Owing to the SentiSight.ai’s image recognition online platform’s user friendly interface and detailed video tutorials, everyone can train a neural network model for object detection! This guide will present all the things you need to know about the process.
First of all, you need to create a new project, then upload and label your images. Notice that you can choose an image-wide label for all images during upload. It will become useful when drawing bounding boxes around objects since the label will be added automatically. If you forgot to do that during the upload, don’t worry! You can achieve the exact same result by selecting all of the images containing the same object and assigning the label as shown below or label them manually afterwards.
To prepare them for object detection training, select Label images from the panel on your left and start the annotation process by drawing bounding boxes around the object of interest. If you tagged the images beforehand, you do not have to do that in this stage. Otherwise, you will have to enter the label name for each bounding box, a simple process via our user-friendly image annotation tools.
You can easily check whether you missed any images by selecting NOT + Contains object labels in the filtering by type section. Do not forget that to train an object detection model you will need at least 20 diverse images containing the object of your interest’s label.

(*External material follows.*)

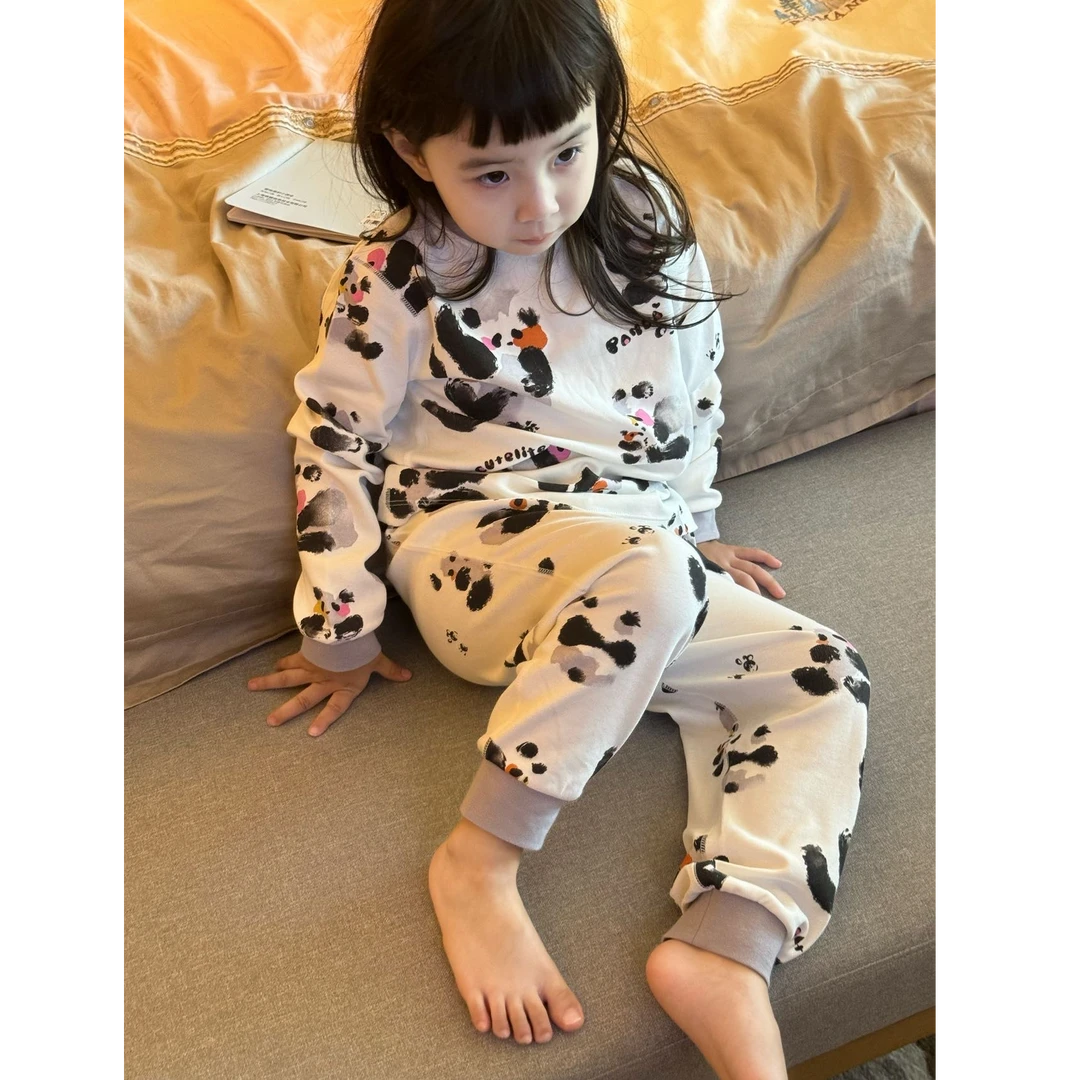 壹妈童装儿童睡衣套装2025秋装新款洋气儿童可爱长袖家居服两件套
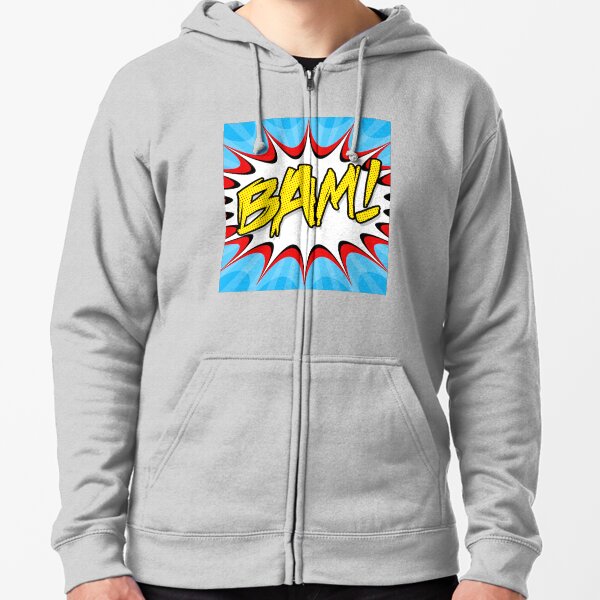 "BAM!" Pop Art Poster Zipped Hoodie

That’s it, you can start training your model now! Go to Train → Object detection and set the training parameters. As a basic user, all you have to set is the training time, although you can leave it at the default value which ranges between 120 to 720 depending on the number of classes you are training on. Please, note that the model might stop training earlier if its performance does not improve for a certain period of time (which can be adjusted in advanced options).
Once the training process is finished, go to Trained → View training statistics. Here you will find all the information about the model you have trained. The panel is divided into two sections: model performance on the ‘train set’ consisting of the same images on which the model was trained and the ‘validation set’ that consists of the images that are used for an independent model evaluation – these are the images that the model has not seen during the training process. If you would like to view the actual model predictions on images in your dataset, click show predictions. The black bounding box with a top right label defines the ground truth while the colored one – predictions. The intersection over union (IoU) parameter shows how much both of the bounding boxes are overlapping and, depending on the result, marks them as correct or incorrect.

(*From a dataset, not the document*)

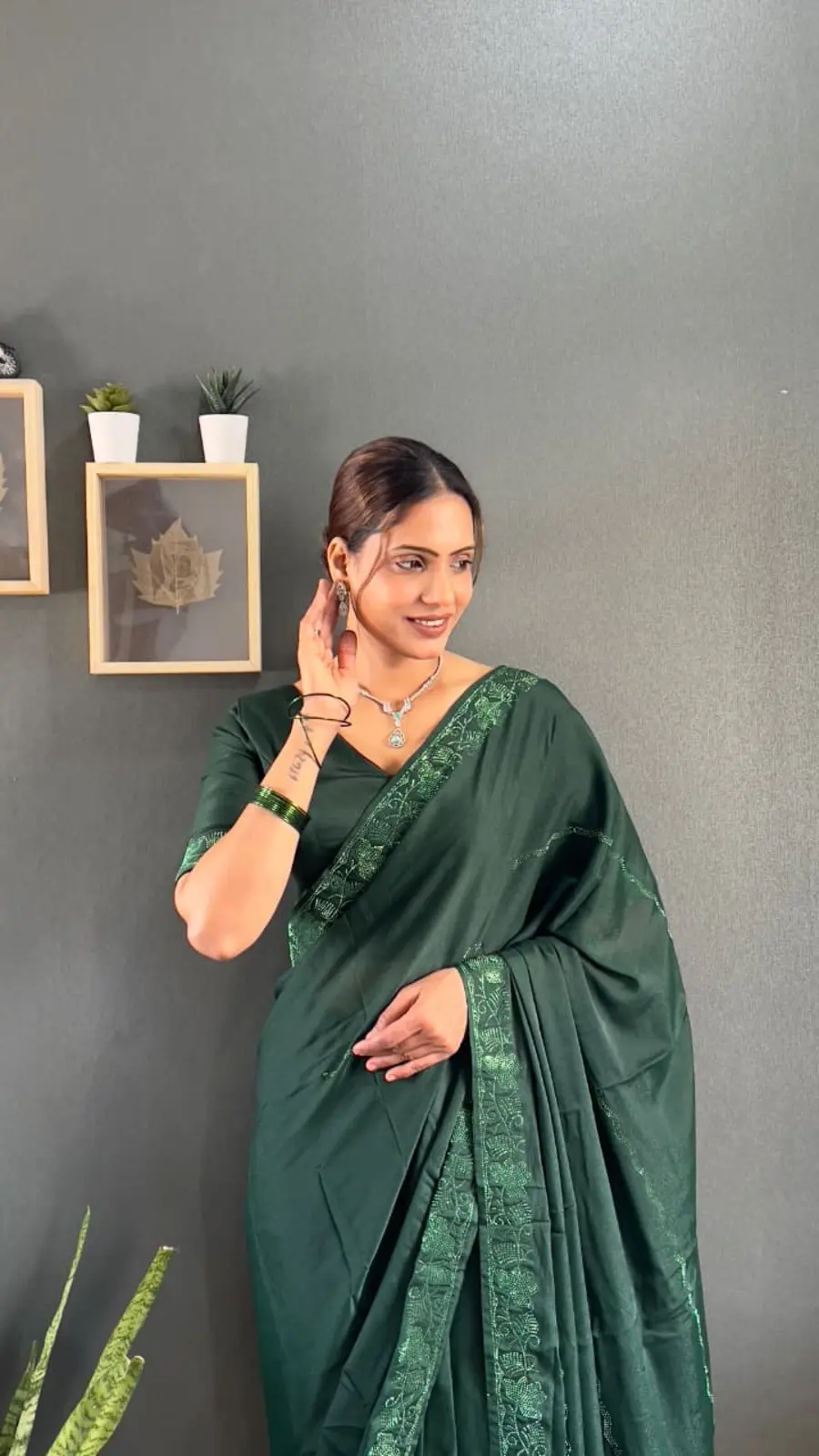 FANCY GEORGETTE SILK TONE 2 TONE SWAROVSKI WORK READY TO WEAR SAREE DAILY WEAR WHOLESALE PRICE ETHNIC GARMENT (18)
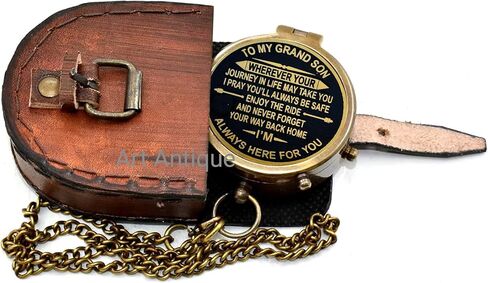Brass Compass with Inspirational Grandson Message, Vintage Chain, Antique Style Brass Nautical Compass Gift for Birthday Anniversary Chrisptmas Day Gift in Saudi Arabia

Once you have a trained model, there are three ways of using it. You can use it via web-interface (useful for quick testing), you can make queries via our REST API (cloud-based solution), or you can download it and use it on-premise. You can read more about the model deployment options in our user guide.

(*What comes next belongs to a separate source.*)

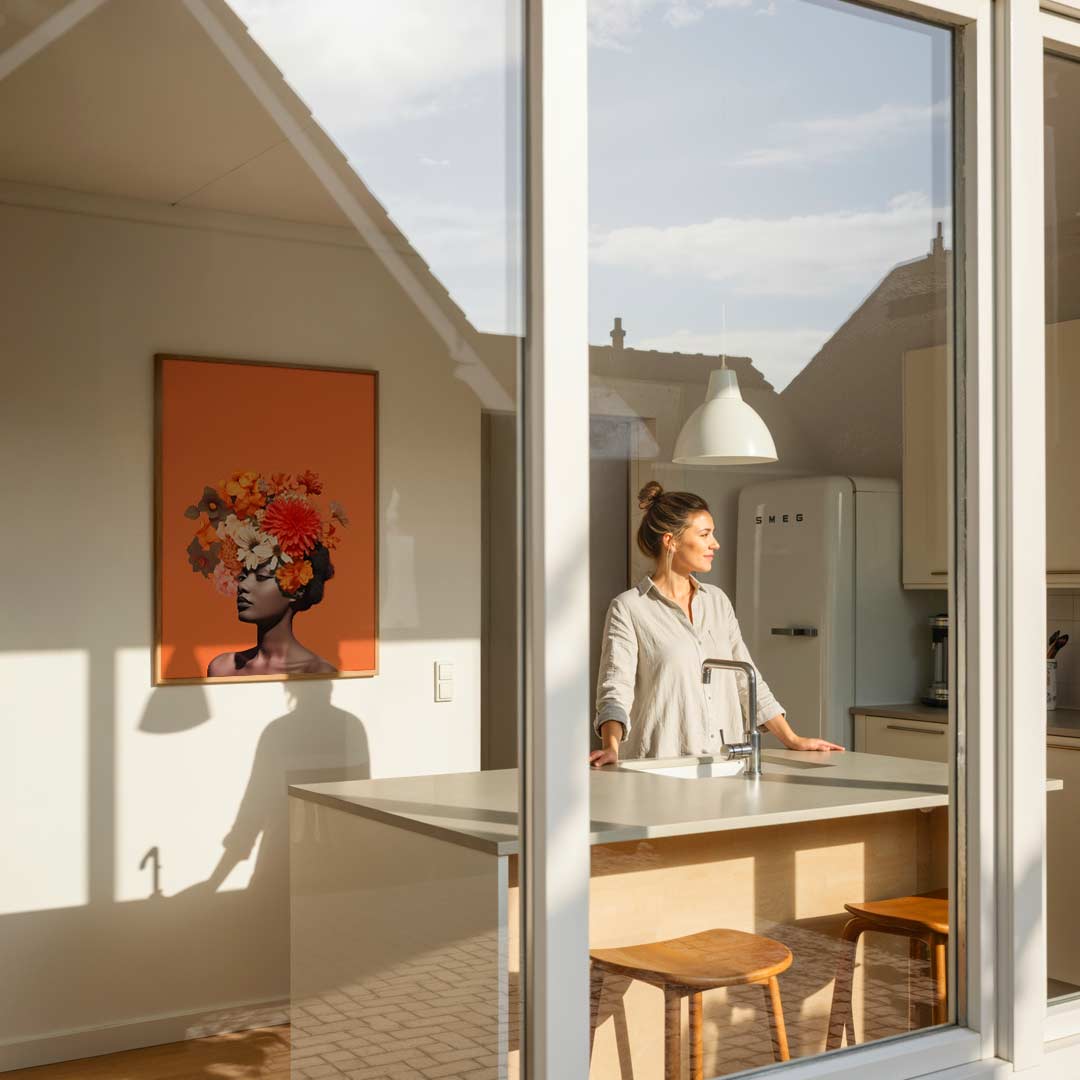 Vrouw met bloemenhoed op oranje achtergrond – vrouwelijke portretposter in staand formaat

Due to our AI-assisted annotation tool, improving your model is now easier than ever. Since it enables iterative labeling, you can use your trained model to predict labels for new images, correct specific ones if needed and repeat the process until you receive the desired result as we explained in the blog post regarding AI-assisted image labeling. If during any of this process’ stages you require some additional help, we provide informative user guides and video tutorials, and a possibility to request a custom project tailored to meet your specific needs. We also offer pre-trained models that could be useful if the objects you need to identify are already included in the list of objects these models were trained on.